[Dataset content]
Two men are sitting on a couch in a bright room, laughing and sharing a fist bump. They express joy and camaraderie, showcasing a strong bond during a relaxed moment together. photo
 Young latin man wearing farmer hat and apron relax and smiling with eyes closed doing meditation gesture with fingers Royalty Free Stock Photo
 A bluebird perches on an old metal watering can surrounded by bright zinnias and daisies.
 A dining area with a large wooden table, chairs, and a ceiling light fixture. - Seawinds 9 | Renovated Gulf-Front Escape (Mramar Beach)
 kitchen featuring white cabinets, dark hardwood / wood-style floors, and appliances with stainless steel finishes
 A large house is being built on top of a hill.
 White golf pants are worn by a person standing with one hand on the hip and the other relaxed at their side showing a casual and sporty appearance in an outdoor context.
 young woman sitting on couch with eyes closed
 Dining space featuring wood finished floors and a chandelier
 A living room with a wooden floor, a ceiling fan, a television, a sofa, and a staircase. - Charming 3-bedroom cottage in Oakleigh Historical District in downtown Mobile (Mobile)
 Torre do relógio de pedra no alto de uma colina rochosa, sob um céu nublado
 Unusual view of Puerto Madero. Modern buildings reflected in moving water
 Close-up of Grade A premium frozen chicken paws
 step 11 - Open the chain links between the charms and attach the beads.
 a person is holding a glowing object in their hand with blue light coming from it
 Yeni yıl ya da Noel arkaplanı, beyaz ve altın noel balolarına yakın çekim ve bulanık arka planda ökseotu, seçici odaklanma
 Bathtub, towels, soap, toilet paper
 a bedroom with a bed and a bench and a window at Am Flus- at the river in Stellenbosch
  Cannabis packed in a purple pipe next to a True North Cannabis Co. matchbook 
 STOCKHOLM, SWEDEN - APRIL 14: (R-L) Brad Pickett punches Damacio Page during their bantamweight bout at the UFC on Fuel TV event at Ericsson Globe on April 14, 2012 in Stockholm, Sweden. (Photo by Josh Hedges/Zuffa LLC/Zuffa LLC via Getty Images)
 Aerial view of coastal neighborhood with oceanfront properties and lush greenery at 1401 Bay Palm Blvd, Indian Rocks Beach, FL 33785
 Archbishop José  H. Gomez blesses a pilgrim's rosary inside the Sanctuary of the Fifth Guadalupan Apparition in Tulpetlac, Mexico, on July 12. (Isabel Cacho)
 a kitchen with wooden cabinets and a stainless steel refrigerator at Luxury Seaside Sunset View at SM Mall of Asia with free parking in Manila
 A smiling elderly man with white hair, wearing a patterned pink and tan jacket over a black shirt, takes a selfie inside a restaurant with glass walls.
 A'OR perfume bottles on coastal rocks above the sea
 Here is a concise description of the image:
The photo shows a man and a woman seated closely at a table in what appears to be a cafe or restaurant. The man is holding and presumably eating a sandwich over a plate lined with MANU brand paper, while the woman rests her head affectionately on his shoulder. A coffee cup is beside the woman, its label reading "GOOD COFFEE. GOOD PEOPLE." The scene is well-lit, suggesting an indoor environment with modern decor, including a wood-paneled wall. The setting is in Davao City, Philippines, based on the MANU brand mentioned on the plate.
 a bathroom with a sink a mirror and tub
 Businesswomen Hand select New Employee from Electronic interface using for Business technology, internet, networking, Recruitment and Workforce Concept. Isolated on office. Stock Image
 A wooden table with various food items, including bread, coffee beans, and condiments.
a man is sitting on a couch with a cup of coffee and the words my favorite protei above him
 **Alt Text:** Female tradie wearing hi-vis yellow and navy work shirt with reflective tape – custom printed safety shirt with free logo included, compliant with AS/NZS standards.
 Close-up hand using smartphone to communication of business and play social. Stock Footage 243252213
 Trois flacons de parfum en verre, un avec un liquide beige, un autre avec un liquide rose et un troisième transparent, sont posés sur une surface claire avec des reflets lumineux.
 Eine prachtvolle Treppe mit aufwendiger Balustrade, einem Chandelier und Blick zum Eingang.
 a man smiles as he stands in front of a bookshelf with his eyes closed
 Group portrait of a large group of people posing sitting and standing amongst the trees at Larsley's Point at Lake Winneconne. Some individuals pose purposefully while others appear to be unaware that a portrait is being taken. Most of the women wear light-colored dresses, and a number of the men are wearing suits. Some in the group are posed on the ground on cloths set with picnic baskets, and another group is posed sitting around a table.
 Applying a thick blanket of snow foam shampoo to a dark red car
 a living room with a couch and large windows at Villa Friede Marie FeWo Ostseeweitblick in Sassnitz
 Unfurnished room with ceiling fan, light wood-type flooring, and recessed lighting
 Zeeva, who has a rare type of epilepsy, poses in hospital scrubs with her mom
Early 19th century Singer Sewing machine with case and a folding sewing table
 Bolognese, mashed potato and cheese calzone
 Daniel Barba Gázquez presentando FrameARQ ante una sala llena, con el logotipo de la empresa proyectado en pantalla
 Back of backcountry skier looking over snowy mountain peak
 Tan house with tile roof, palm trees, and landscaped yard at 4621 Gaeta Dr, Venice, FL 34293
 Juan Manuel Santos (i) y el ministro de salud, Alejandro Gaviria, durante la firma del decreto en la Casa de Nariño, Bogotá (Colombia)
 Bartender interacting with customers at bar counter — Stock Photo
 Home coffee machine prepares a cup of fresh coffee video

[What is being asked] Write out exactly the lines above between the line with "step 11 - Open" and the line with "a bedroom with", inclusive, and nothing beyond them.

[Output]
 step 11 - Open the chain links between the charms and attach the beads.
 a person is holding a glowing object in their hand with blue light coming from it
 Yeni yıl ya da Noel arkaplanı, beyaz ve altın noel balolarına yakın çekim ve bulanık arka planda ökseotu, seçici odaklanma
 Bathtub, towels, soap, toilet paper
 a bedroom with a bed and a bench and a window at Am Flus- at the river in Stellenbosch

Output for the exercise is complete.